Oppenheim, Germany · March 22, 1945

On this date in 1945, one day before the British 21st Army Group under Field Marshal Ber­nard Mont­gomery was due to launch Opera­tion Plunder, the long-awaited northern offen­sive across the Rhine River at Rees and Wesel in North Rhine-West­phalia, Gen. George S. Patton sneaked a divi­sion of his U.S. Third Army across the Rhine at Oppen­heim, lower on the river and south of Mainz. (Back in Berlin, Adolf Hitler urged the Wehr­macht to attack the Allied bridgehead at Oppen­heim, only to be told that no reserve forces were avail­able to embark on such an oper­a­tion.) For the Allied high com­mand, the all-out assault across the Rhine was hugely im­por­tant because crossing the river, the his­toric boundary of Ger­man power in the west, rang the death knell on the luna­cy and besti­al­ity of Hitler’s Thou­sand Year Reich. Even Hitler’s closest sup­porters like Hein­rich Himm­ler and Joseph Goeb­bels could clearly hear the clanging bell. Though Gen. Patton had the blessing of Twelfth Army Group head Gen. Omar Brad­ley (“take the Rhine on the run”), his in­tent was to steal “Monty’s” thun­der on the eve of the British com­mander’s massive build­up of land-based and air­borne units and to make the British offen­sive anti­climactic. (To be fair to the British 21st Army Group, their Rhine crossings were marshy (Wesel) and twice as wide, with the river carrying a far higher volume of water than the crossings con­signed to the U.S. Third and Seventh Armies and the French First Army, meaning that Mont­gomery could not possibly cross the Rhine “on the run.”) The next day Patton, showing his con­tempt for the enemy, made good on his pledge to “piss in the Rhine in a week,” which he did from a pon­toon bridge in full view of his men and news cameras.
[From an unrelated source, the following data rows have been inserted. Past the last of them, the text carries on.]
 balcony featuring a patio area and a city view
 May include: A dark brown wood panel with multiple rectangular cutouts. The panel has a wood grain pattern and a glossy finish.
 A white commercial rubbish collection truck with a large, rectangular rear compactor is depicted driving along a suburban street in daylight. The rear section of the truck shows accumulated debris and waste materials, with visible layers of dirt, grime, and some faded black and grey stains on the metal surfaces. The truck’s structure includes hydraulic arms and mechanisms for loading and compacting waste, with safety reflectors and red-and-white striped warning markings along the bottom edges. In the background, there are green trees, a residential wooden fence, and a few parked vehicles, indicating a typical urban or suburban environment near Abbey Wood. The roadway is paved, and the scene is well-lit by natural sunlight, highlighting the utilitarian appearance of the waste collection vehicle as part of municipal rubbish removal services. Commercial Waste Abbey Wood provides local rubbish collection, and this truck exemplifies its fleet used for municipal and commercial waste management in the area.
To Allied supreme com­mander Gen. Dwight D. Eisen­hower he wrote: “I have just pissed into the Rhine River. For God’s sake send some gaso­line.” Neither a patient nor defensive-minded com­mander, Patton seems not to have hindered his promo­tion to the tem­porary rank of four-star general in April by acting or remarking as he did. The gaso­line arrived and Patton’s men pressed head­long across south­ern Ger­many and into Czecho­slo­va­kia. Along the way the Third Army liberated some of the most ghastly killing and con­cen­tra­tion camps in the Reich: Ohr­druf (a subcamp of Buchen­wald), Flossenbuerg, Dachau, and Mauthausen-Gusen.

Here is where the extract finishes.